Read vs. write activity

Normal business data, whether it is payroll database entries, legal file updates, or email messages, generally follows the 80/20 rule, where 80% of the time data is being read and only 20% of the time is dedicated to write activity. Video data has nearly the exact opposite characteristics, with data being written 100% of the time and read activity happening only rarely when incidents occur and the relevant footage needs to be retrieved and reviewed.

Random vs. sequential

A storage administrator would look at how data is sent to the storage system and how this handles that traffic. In the normal business case, data is written randomly in short bursts in what is termed “small block transfers”. Video data, once again, is radically different as it arrives in a sequential and constant stream of dense information.
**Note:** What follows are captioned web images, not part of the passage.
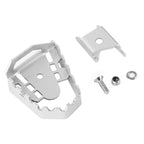 Extension Brake Foot Pedal Enlarger Pad CNC Silver for BMW F850GS F750GS (2008–2016)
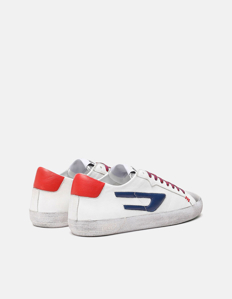 Picture of Diesel Leroji Low Red Lace White Sneaker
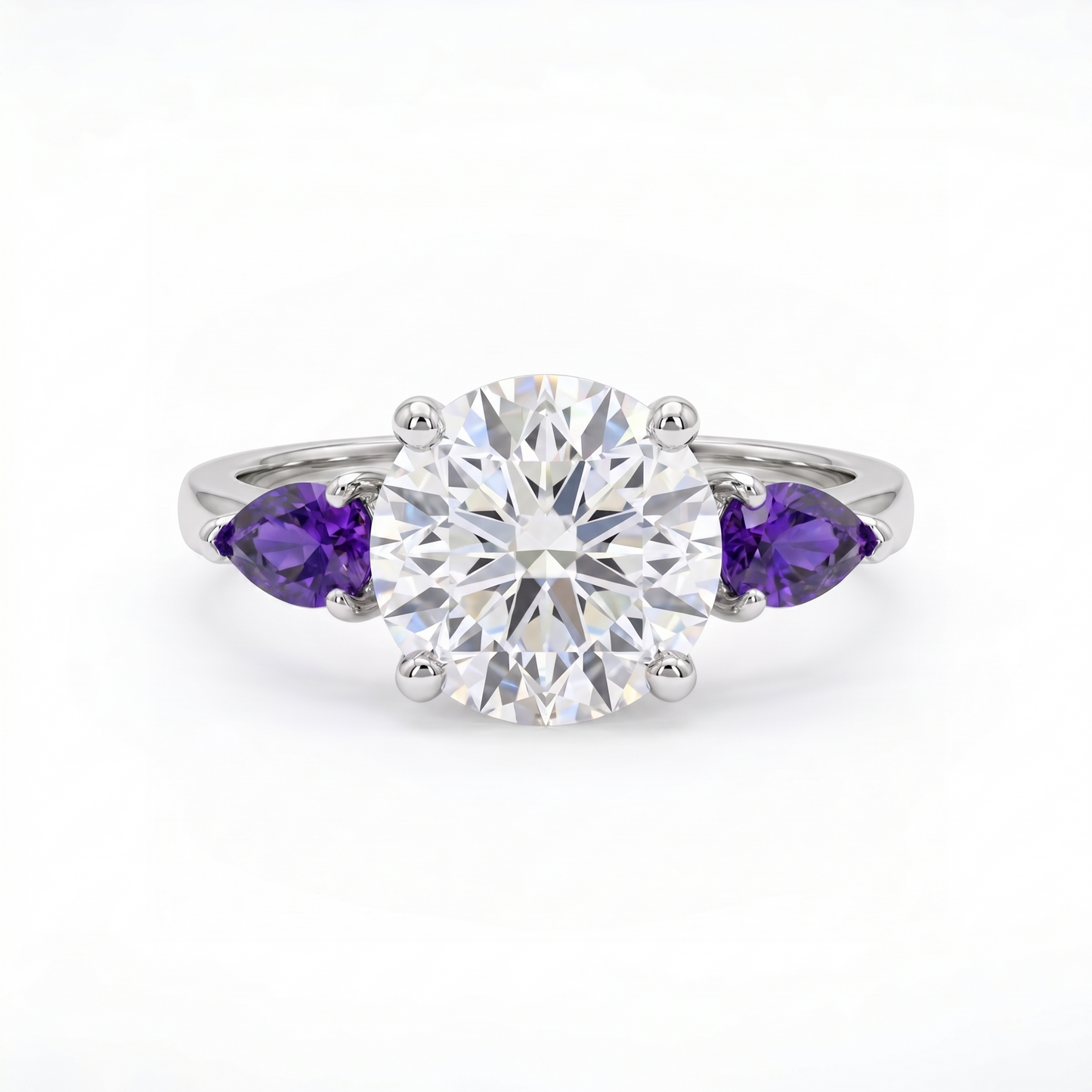 Juno Trio Ring – Purple Sapphire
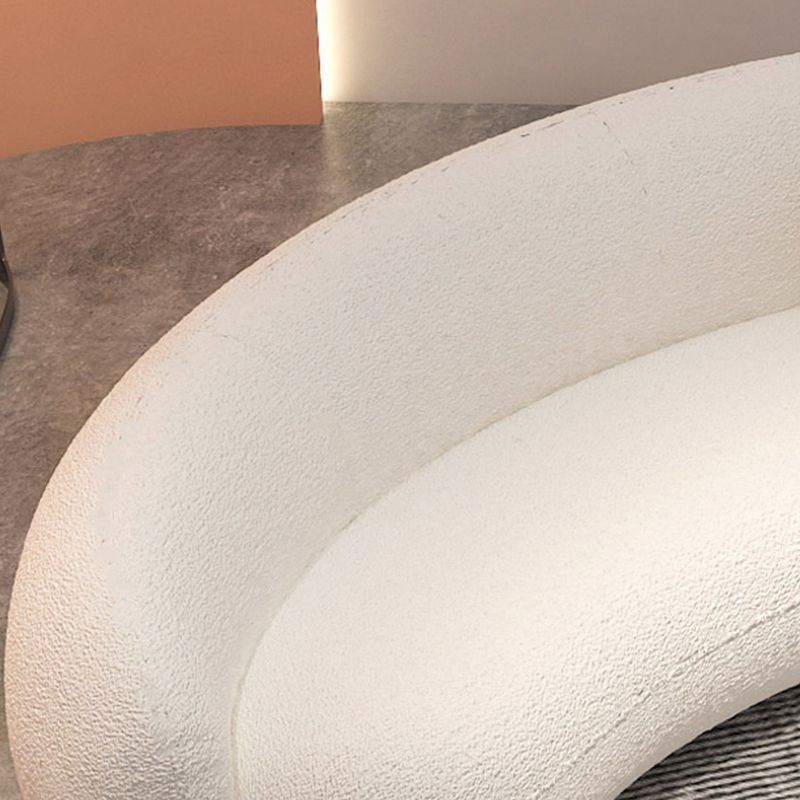 23.62 Inch Tall Contemporary Curved Sloped Sofa for Living Room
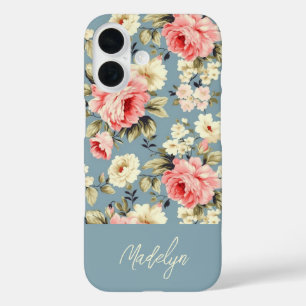 Englisch Hütte Garden Blume Personalisiert iPhone 16 Hülle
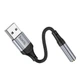 Аудіо Перехідник Hoco LS36 USB type-A to 3.5mm female Black - зображення 4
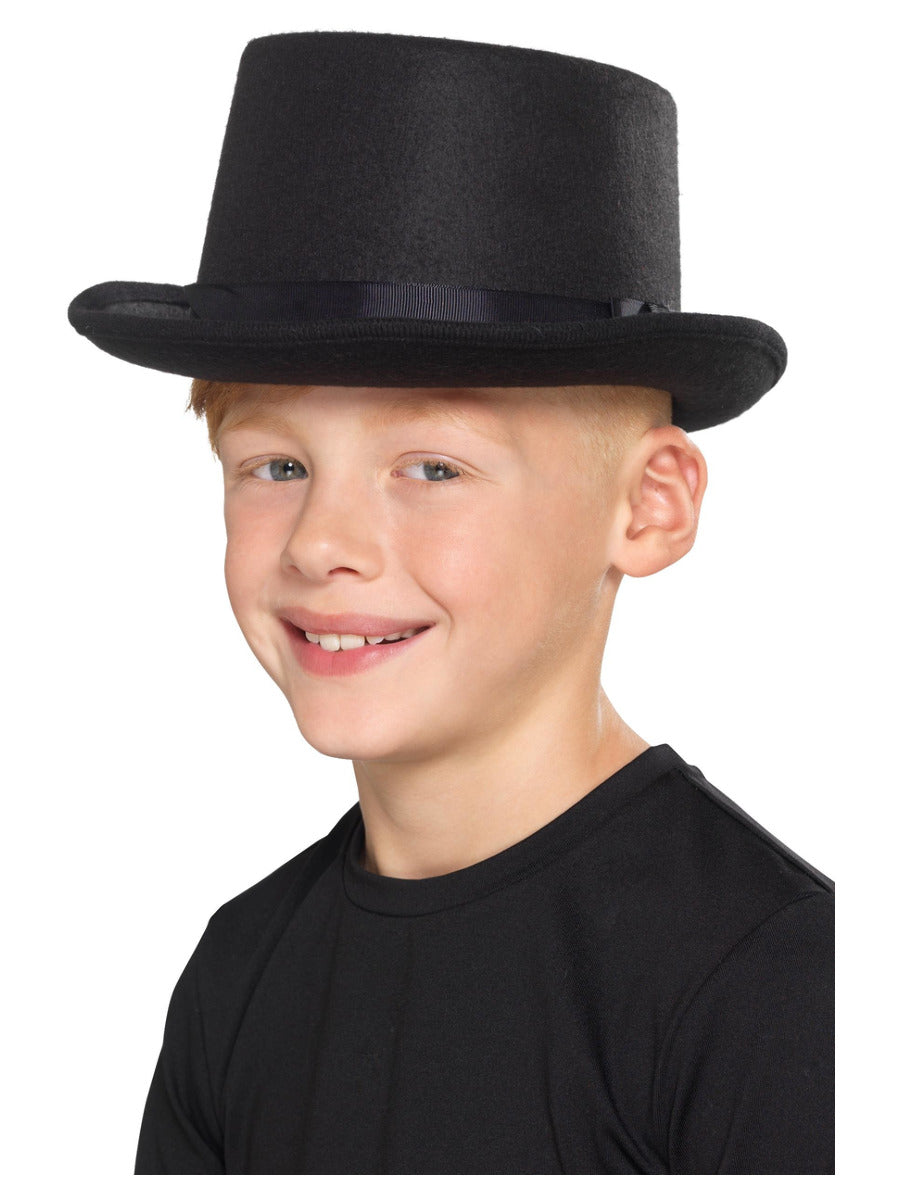 Kids Top Hat, Black - 1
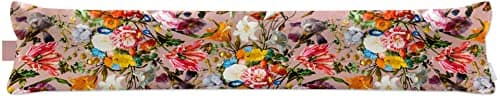 Image of Izabela Peters® Luxurious Eco-Friendly Draught Excluder - Floral Dream - Rosewater - Standard - Window Door Seal, Fabric Draft Excluder Cushion Stopper For Door Bottom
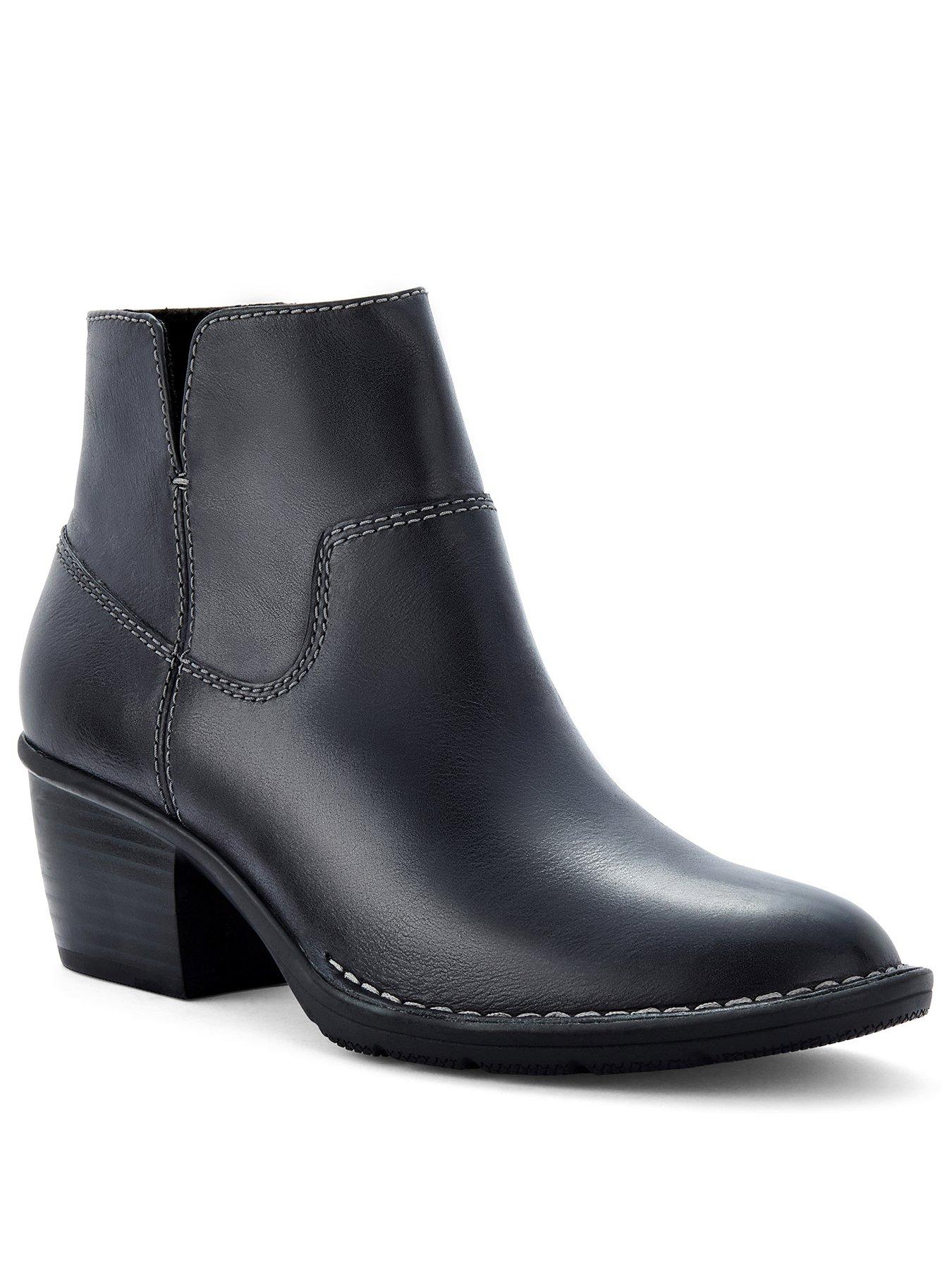 Clarks Wide Fit Kastela Top Boots Black Very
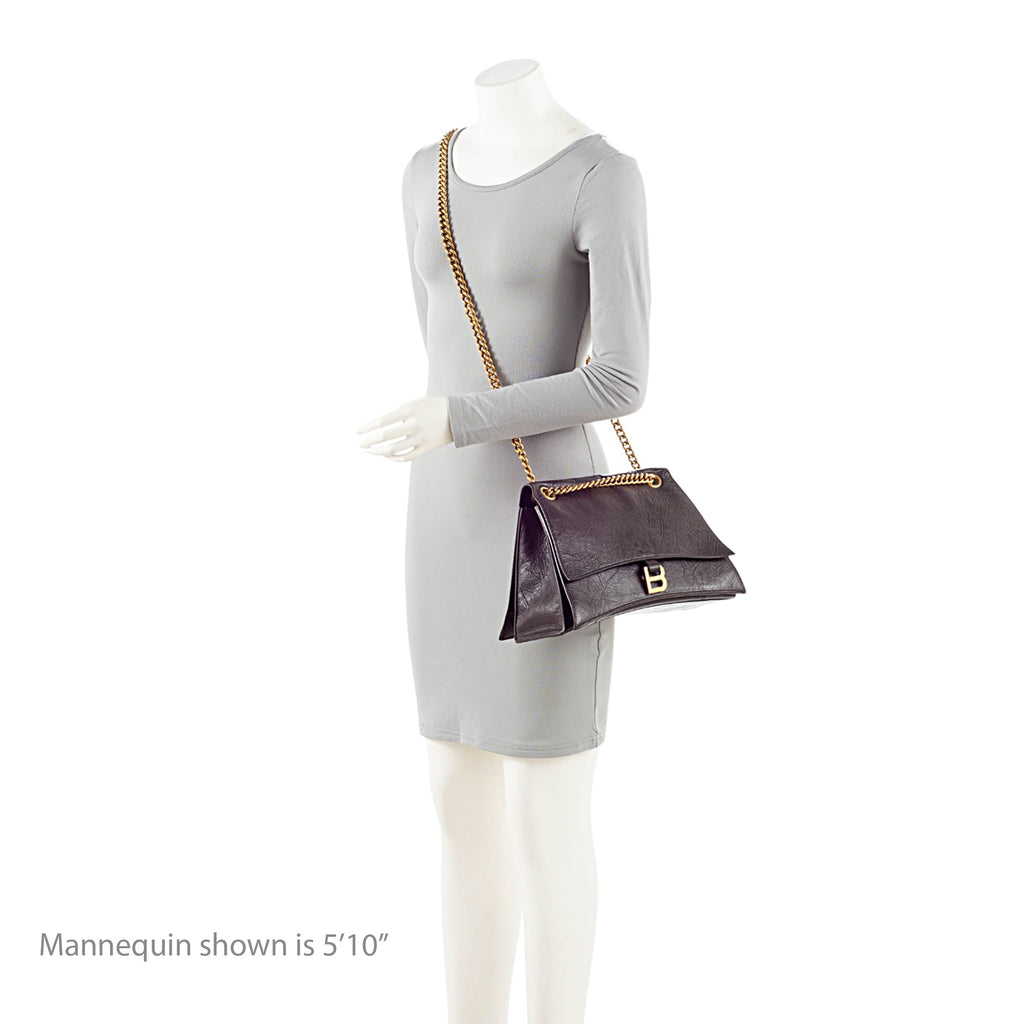 Balenciaga Calfskin Crush Medium Shoulder Bag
As camera resolutions increase, this density grows geometrically as more pixels are used to convey each image.

Planned downtime

Business data generally follows a cycle with a natural rhythm of downtime when maintenance, upgrades, and changes can be made to the system without affecting business activity. Video data has no such downtime cycle since the incoming stream of video is unrelenting and any changes or maintenance must be made dynamically without affecting the incoming stream.

A traditional large-scale storage system is designed to accommodate business data. The architecture of these systems is well-established and is centred around the concept of a master RAID controller with a fixed amount of network bandwidth that controls a fixed maximum number of drives. Traditionally, this master RAID controller has acted as a funnel for incoming video data and limited the maximum capacity of the system. More advanced technology has introduced a secondary controller for redundancy, but the maximum bandwidth and capacity remain fixed.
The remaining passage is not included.